HDR Lightroom presets
When you look at a landscape, an architecture picture, or any picture that just seems to glow, chances are you are looking at a picture that has been taken and edited using HDR techniques. HDR stands for “High Dynamic Range.” The basic theory behind HDR is that our eyes can see a much wider range of lights and darks than the camera sensor can. Try standing outside on a bright, sunny day. You can see the clouds in the sky, and you can also see the bench under the tree. Now try taking a picture of that scene. If you expose for the bench, the sky will be blown out and you won’t be able to see the clouds. If you expose for the clouds, the area under the tree will be black and you won’t be able to see the bench. So what do you do? You take multiple images at different exposures and merge them in Lightroom. This gives you an image that has the clouds and the bench both properly exposed. Because the image more closely represents what the human eye can see, it is more emotionally satisfying to look at as well. The image seems to glow.
HDR Compiling in Lightroom
When you compile an HDR image in Lightroom, you still have to edit it. The computer how has a massive amount of data for each pixel. You need to tell it what you want it to do with it. This is called tone mapping. You decide how deep the shadows are, how bright the highlights are, and how much detail you want. You decide if you want a very flat image, where all parts of the image have approximately the same tone level, or an image with high contrast.
You can do this with presets in Lightroom. You can choose presets for your post-compilation editing to give you the magical look you are going for. With Lightroom HDR presets, you can edit your HDR images better and faster than ever before.
HDR Images From Just One Picture
Traditionally, HDR means that you have to have multiple pictures at different exposures that you are compiling. So what happens if you only took one picture? Are you forever doomed to not have a gorgeous HDR edit of that image? No!
You can use HDR Lightroom presets to turn any picture into a jaw-dropping HDR picture. It’s all an issue of adjusting your highlights, shadows, whites, blacks, overall exposure, clarity, and contrast – basically, all of your main sliders and more – to bring out as much detail as possible in both the overexposed and underexposed areas, and to make the image pop. With our Lightroom HDR presets, you don’t have to spend ages fiddling with your controls to get the image you want – you can see an amazing HDR transformation on your picture with just a click.
Tips for doing HDR editing on single images
Obviously, the amount of detail you are going to be able to bring out in your picture depends on the amount of data there is in the picture. To get the most out of your HDR preset edits (and any edits, whether you use presets or not), follow these helpful tips:
- Always shoot in RAW. The files are bigger and there is so much more data than in a JPG file. In RAW, you can pull details out of areas that would have been hopelessly underexposed or blown out if you had been shooting in JPEG.
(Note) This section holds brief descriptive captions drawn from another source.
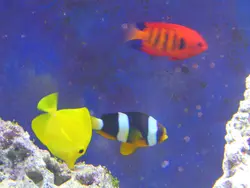 Fish in the Marine Museum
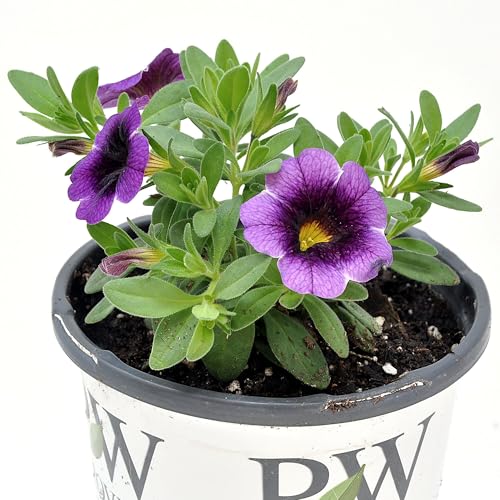 Superbells Grape Punch Calibrachoa Million Bells Flowering Annual Great Flower-Covered Container Plant in the Deepest Purple Cnt Sz: 4.5
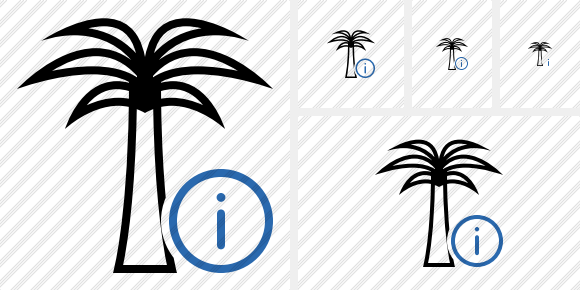 Palmtree Information Icon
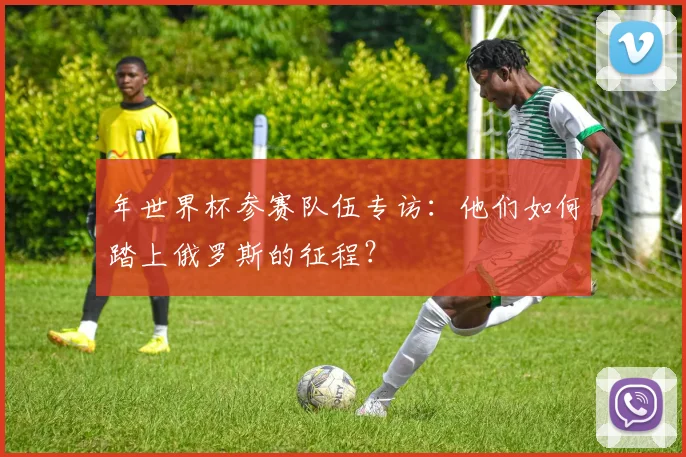 年世界杯参赛队伍专访：他们如何踏上俄罗斯的征程？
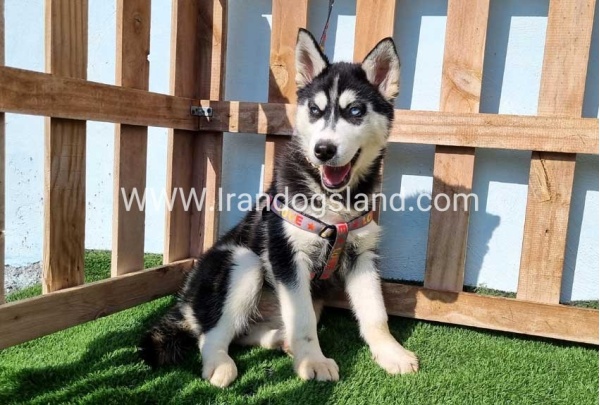 --husky-372_10
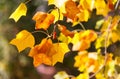 Detail of autumnal yellow colored leaves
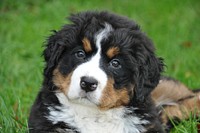 Appenzeller puppy. Free public domain CC0 photo.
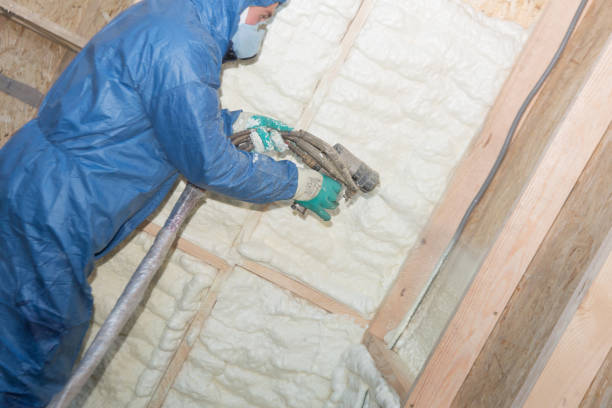 Best Insulation Air Sealing  in Orwigsburg, PA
- Err on the side of underexposed. Especially if you’re shooting in RAW. It is actually a lot easier to pull details from a black area than from a blown out area. There is nothing more frustrating than editing a spectacular landscape and discovering that you have a massive white space in the sky that got blown out.
- Use matrix metering for HDR landscapes. This gives you the best overall exposure for the image. Again, dial it down a stop or so to make sure you’re not blowing out your sky.
- When in doubt, take multiple exposures. You can pick the best one, and you might be surprised which exposure looks the best on your computer.
- Change shutter speed, not aperture. If you take multiple exposures, you have the option to merge the images in HDR if you want. If you change your aperture, the change in focal depth will make the merged image wonky. Always change the shutter speed and keep the aperture the same.